***
*Project:* Expressive Piano Generation

*Author:* Jingwei Liu (Computer Music Ph.D., UC San Diego)
***

# <span style="background-color:darkorange; color:white; padding:2px 6px">Application & ReadMe</span> 


# Expressive Piano Performance Generation (MIDI Format)

## 1. Audio vs. MIDI

- The music scene is shifted towards audio based composition and production, thus symbolic music generation is marginalized.

- Symbolic music is frequently criticized for its stiffness and non-flexibility in generating listening-based music.

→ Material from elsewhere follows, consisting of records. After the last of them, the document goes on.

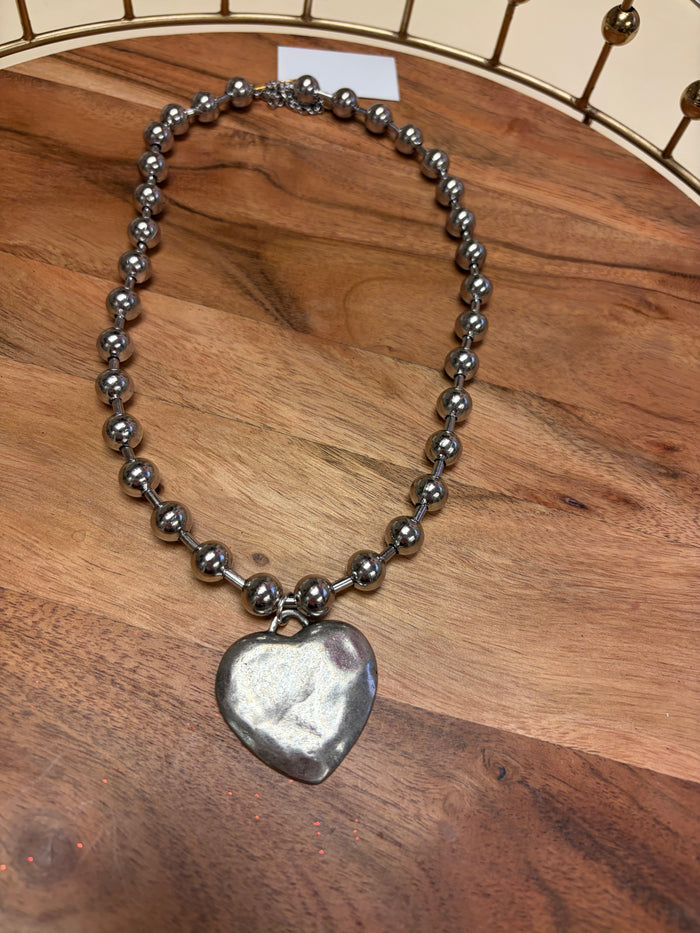 Lula 'n' Lee Ball Chain Heart Necklace featuring a delicate chain and heart pendant, elegant jewelry accessory.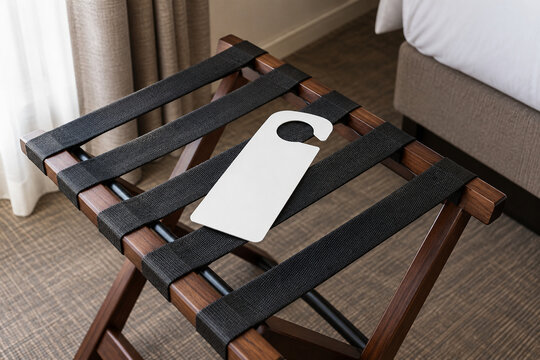 Hotel luggage rack with blank door hanger tag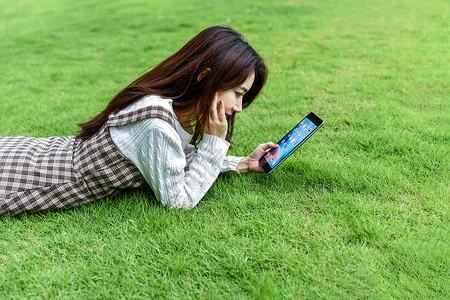 草坪上玩平板的女生图片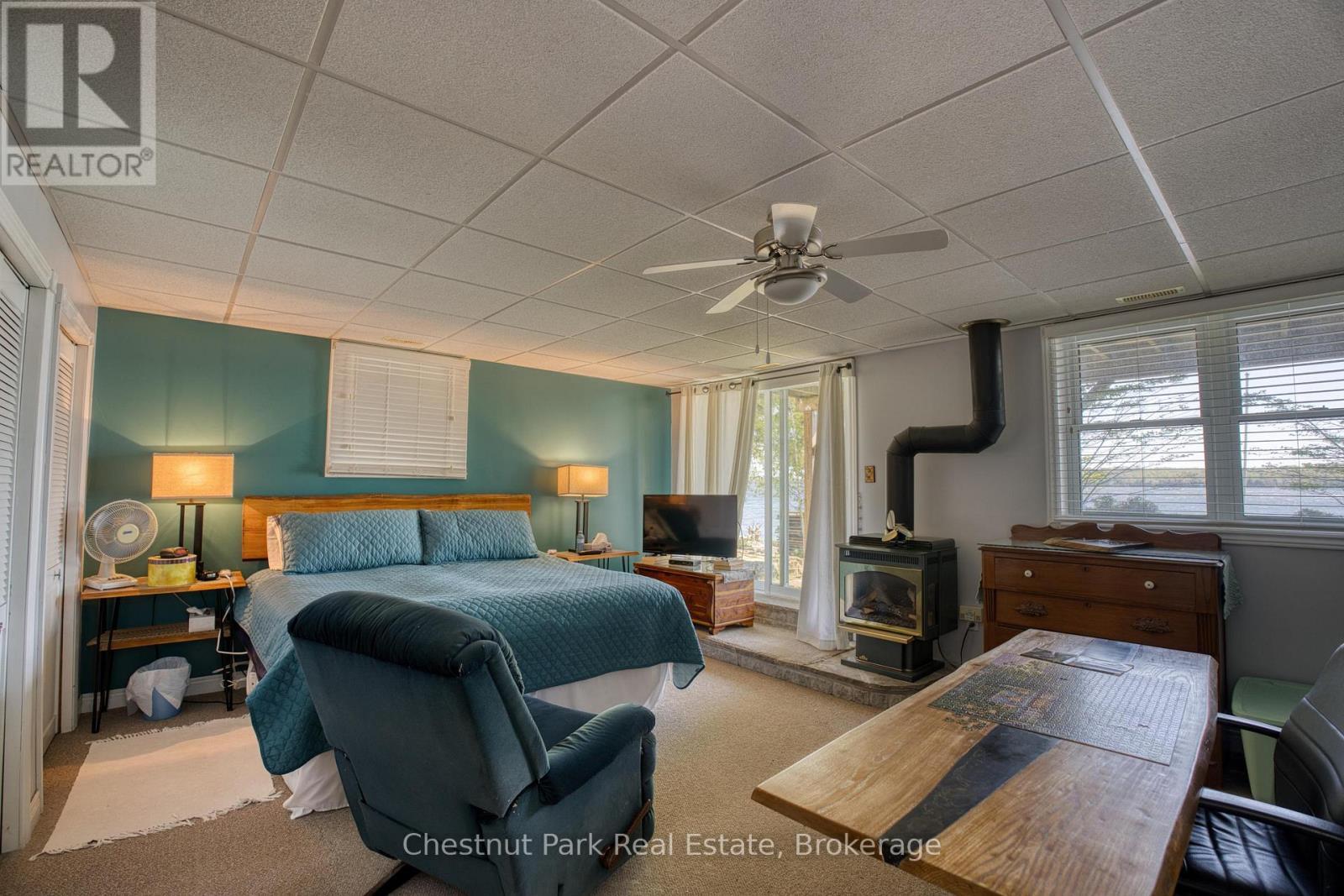 156 Miller Lake Shore Road, Northern Bruce Peninsula, ON - Indoor Photo Showing Bedroom With Fireplace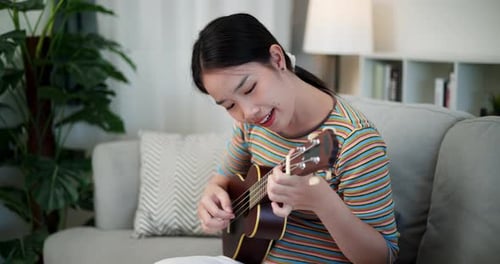Beautiful young woman plays ukulele and sings in living room at home during holiday.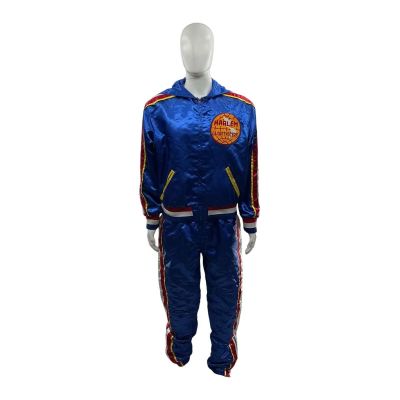 Lot 44: Marty Supreme Harlem Globetrotter Screen Worn Harlem Globetrotter Uniform Warm Up Jacket & Harlem Globetrotter Uniform Warm Up Pants | VIP Fan Auctions
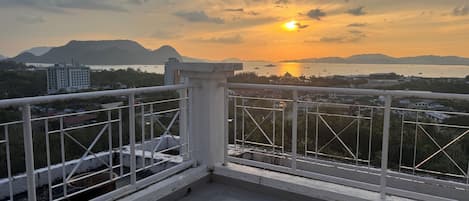 A balcony with a metal railing overlooking a cityscape and a sunset.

- We argue that, **under the same expressivity of music replay, MIDI as a much more concise representation has advantage over the raw audio format in generation models**.

### Multi-Arguments I/O

Five arguments are extracted from the MIDI files as sufficient statistics for expressive piano performances. The five fields are:

- Note value ($n$): a MIDI note number in range $[21,108]$.
- Time shift ($t$): the onset difference between two subsequent notes in miliseconds, $t = 0$ gives perfectly simultaneous notes.
- Duration ($d$): duration of the note in miliseconds.
- Velocity ($v$): a number in range $[0,127]$, the MIDI default velocity representation.
- Sustain pedal ($p$): the status of the sustain pedal, with binary value on/off (1/0).

In [1]:
import py_midicsv as pm
import pandas as pd
import numpy as np
from pathlib import Path
import matplotlib.pyplot as plt
import torch
from torch import nn, optim
import os

In [2]:
dev = torch.device("cuda") # operate on GPU "cuda" or CPU "cpu"

## 2. Listening-based Data Processing

- *Abandonment of fixed grid.* Use time-shift events and duration measured in miliseconds to generate expressive timing.

- *A homogeneous treatment of monophony and polyphony.* We claim that there is no real simultaneity of notes. For any two notes that are played by a human performer, there is always a time discrepancy between them, no matter how unnoticeable it is. It means that, since there are no simultaneous events, **we can always place the notes in sequential order, by their time onsets.**

- *Not only the notes matter.* **The control events in MIDI may play a crucial role in musical expressivity** (eg. sustain pedal in piano generation). Please listen to "Original.MID" and "no_sustain.mid" for comparison.

- *Mel quantization of auditory features.* Instead of equal division, like the Mel spectrogram, we divide the ranges into uneven chunks to better reflect the perceptual truth. We refer to **Weber’s law** for just noticeable differences as our theoretical foundation for the divisions, where the noticeable difference is proportional to the current value.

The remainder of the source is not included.